[Opening Supplied entries section]

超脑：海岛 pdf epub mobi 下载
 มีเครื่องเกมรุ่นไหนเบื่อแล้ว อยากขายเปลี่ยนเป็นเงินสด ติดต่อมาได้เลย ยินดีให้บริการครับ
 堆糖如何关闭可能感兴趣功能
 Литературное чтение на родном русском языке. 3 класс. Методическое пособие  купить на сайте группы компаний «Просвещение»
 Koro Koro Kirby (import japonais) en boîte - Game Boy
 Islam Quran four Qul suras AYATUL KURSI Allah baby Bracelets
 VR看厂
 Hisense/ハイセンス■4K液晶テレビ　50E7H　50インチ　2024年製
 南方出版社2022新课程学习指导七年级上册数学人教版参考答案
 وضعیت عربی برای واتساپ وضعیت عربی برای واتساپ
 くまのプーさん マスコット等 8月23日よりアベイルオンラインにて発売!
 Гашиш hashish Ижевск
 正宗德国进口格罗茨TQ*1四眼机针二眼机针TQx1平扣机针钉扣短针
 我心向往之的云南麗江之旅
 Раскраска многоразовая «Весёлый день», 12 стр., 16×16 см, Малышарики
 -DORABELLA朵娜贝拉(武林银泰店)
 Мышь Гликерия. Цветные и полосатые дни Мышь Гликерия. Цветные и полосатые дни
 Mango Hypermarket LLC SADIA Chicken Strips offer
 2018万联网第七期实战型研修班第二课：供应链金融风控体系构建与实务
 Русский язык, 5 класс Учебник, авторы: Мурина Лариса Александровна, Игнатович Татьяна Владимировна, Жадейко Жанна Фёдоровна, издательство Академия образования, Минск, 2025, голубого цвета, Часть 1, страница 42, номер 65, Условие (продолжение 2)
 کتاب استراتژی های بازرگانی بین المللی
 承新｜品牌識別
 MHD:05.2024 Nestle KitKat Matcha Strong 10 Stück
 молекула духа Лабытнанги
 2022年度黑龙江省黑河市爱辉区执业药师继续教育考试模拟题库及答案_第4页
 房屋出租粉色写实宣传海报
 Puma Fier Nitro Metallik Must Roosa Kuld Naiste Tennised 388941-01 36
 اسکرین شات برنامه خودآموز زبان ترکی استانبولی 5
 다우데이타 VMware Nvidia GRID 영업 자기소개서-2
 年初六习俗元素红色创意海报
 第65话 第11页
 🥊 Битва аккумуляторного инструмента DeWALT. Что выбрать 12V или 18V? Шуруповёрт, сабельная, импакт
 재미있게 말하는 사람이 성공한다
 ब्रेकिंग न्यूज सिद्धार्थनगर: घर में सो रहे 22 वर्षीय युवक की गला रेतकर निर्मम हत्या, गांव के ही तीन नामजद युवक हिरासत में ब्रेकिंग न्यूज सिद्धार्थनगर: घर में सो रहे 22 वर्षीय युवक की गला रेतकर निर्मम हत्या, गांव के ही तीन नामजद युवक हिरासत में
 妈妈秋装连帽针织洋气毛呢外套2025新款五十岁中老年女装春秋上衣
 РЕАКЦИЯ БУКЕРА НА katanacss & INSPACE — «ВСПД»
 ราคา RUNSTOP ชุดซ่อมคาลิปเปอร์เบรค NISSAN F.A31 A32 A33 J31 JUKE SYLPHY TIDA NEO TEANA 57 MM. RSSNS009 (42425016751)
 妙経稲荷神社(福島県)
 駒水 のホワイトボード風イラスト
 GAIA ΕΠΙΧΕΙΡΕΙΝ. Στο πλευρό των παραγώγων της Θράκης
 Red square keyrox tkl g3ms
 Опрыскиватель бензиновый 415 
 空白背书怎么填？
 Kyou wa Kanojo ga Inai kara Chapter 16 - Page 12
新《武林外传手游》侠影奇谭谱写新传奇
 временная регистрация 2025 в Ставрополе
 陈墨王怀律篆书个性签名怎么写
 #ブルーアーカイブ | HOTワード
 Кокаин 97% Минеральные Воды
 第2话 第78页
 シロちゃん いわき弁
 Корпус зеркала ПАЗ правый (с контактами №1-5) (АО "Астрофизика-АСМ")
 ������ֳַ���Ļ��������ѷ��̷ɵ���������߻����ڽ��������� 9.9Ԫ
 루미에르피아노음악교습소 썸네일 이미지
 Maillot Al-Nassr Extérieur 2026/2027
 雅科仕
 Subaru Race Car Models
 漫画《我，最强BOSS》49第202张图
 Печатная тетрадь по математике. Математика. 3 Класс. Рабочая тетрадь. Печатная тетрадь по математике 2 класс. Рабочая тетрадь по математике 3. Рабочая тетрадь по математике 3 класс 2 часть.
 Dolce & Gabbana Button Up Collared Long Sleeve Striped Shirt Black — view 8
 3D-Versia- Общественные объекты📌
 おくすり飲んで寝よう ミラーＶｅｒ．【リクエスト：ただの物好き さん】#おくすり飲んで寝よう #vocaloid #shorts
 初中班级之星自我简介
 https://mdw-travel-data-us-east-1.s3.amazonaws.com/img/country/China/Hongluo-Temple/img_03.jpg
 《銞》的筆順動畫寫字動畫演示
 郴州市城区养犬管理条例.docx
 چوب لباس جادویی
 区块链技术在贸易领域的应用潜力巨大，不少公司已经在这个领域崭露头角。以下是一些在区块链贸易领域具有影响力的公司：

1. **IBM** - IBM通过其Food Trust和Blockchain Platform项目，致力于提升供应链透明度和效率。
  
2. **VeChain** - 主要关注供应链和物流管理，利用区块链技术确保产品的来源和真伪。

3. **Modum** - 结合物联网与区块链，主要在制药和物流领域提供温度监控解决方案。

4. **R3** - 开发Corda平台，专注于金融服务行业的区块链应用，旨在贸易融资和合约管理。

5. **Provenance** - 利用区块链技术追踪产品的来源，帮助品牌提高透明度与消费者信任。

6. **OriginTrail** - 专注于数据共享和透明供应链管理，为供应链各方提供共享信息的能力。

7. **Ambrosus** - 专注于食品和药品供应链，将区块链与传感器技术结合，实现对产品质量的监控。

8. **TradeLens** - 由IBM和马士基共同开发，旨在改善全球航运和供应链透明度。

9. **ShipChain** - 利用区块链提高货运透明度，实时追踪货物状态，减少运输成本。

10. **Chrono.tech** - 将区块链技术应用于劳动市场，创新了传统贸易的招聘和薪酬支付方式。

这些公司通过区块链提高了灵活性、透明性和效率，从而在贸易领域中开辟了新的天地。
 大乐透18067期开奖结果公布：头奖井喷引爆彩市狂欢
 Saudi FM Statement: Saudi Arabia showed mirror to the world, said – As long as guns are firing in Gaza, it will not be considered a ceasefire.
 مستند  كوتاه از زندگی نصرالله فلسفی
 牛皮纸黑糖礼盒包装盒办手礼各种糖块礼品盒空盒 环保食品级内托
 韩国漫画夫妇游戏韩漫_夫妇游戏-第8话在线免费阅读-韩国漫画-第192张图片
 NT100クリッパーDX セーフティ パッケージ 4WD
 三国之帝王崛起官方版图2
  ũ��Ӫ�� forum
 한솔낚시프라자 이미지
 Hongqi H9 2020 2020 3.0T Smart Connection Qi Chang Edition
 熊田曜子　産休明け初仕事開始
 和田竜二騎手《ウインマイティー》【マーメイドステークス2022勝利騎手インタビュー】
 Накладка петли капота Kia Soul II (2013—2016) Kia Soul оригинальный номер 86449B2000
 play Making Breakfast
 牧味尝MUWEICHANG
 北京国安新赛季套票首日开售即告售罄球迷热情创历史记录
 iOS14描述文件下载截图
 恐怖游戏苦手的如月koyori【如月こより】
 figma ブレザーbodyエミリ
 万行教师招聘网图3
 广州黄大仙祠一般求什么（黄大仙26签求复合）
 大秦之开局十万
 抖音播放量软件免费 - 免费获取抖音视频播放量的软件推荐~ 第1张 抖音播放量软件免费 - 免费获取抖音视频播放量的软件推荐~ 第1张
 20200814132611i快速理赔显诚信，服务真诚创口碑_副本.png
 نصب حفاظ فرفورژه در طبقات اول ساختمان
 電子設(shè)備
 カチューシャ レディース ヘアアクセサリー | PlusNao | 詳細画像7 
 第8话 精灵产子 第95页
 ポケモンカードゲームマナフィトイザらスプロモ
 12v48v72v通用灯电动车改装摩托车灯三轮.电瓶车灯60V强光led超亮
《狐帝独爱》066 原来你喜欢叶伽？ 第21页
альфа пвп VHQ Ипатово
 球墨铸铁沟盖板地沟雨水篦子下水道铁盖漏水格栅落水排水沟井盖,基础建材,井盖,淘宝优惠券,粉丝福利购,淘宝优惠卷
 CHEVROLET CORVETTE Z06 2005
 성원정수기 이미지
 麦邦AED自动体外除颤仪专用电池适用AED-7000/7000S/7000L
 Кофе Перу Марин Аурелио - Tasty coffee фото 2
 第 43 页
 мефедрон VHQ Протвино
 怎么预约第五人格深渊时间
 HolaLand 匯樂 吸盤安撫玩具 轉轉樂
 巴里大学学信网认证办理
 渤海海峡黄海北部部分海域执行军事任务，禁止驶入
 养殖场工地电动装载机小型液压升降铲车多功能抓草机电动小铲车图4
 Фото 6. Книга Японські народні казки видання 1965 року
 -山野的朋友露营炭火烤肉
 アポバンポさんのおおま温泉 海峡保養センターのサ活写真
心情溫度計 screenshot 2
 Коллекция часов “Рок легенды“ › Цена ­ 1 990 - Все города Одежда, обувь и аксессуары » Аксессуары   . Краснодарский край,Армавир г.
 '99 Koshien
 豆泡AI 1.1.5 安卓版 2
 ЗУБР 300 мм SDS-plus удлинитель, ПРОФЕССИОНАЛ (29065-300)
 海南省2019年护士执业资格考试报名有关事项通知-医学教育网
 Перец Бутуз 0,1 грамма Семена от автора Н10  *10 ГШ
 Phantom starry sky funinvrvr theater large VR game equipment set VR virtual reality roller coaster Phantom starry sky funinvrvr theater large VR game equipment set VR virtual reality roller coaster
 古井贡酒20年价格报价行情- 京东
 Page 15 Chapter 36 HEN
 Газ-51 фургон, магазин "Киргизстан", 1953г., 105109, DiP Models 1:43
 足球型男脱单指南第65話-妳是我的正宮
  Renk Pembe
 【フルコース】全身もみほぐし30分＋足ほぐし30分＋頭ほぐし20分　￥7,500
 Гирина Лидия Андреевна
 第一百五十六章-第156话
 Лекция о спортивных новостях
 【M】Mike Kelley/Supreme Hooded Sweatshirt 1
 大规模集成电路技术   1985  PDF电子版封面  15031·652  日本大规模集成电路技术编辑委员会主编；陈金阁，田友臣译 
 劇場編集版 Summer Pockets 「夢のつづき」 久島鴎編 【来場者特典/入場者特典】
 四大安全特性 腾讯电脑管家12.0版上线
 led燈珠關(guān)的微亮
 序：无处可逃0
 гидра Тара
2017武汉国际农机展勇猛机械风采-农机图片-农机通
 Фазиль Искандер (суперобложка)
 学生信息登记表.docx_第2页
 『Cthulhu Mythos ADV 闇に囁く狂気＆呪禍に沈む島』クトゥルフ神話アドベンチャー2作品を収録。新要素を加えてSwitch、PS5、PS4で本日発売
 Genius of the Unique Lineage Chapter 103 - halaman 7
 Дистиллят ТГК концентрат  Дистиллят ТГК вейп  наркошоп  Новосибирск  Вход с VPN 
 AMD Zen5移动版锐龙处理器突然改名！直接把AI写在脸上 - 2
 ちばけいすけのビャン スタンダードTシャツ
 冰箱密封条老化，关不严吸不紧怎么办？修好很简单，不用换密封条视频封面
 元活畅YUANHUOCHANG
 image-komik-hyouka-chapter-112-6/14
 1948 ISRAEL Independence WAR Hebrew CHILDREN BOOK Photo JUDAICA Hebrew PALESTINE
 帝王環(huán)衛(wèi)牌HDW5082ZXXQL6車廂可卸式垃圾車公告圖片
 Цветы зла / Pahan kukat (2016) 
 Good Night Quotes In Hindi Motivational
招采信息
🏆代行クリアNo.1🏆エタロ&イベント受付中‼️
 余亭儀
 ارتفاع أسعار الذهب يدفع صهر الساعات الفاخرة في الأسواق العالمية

[Closing Supplied entries section]

◆ **About this task**: Given the records above, return exactly the lines starting at the line containing "第一百五十六章-第156话" and ending at the line containing "1948 ISRAEL Independence", including both.

◆ **Result**:
 第一百五十六章-第156话
 Лекция о спортивных новостях
 【M】Mike Kelley/Supreme Hooded Sweatshirt 1
 大规模集成电路技术   1985  PDF电子版封面  15031·652  日本大规模集成电路技术编辑委员会主编；陈金阁，田友臣译 
 劇場編集版 Summer Pockets 「夢のつづき」 久島鴎編 【来場者特典/入場者特典】
 四大安全特性 腾讯电脑管家12.0版上线
 led燈珠關(guān)的微亮
 序：无处可逃0
 гидра Тара
2017武汉国际农机展勇猛机械风采-农机图片-农机通
 Фазиль Искандер (суперобложка)
 学生信息登记表.docx_第2页
 『Cthulhu Mythos ADV 闇に囁く狂気＆呪禍に沈む島』クトゥルフ神話アドベンチャー2作品を収録。新要素を加えてSwitch、PS5、PS4で本日発売
 Genius of the Unique Lineage Chapter 103 - halaman 7
 Дистиллят ТГК концентрат  Дистиллят ТГК вейп  наркошоп  Новосибирск  Вход с VPN 
 AMD Zen5移动版锐龙处理器突然改名！直接把AI写在脸上 - 2
 ちばけいすけのビャン スタンダードTシャツ
 冰箱密封条老化，关不严吸不紧怎么办？修好很简单，不用换密封条视频封面
 元活畅YUANHUOCHANG
 image-komik-hyouka-chapter-112-6/14
 1948 ISRAEL Independence WAR Hebrew CHILDREN BOOK Photo JUDAICA Hebrew PALESTINE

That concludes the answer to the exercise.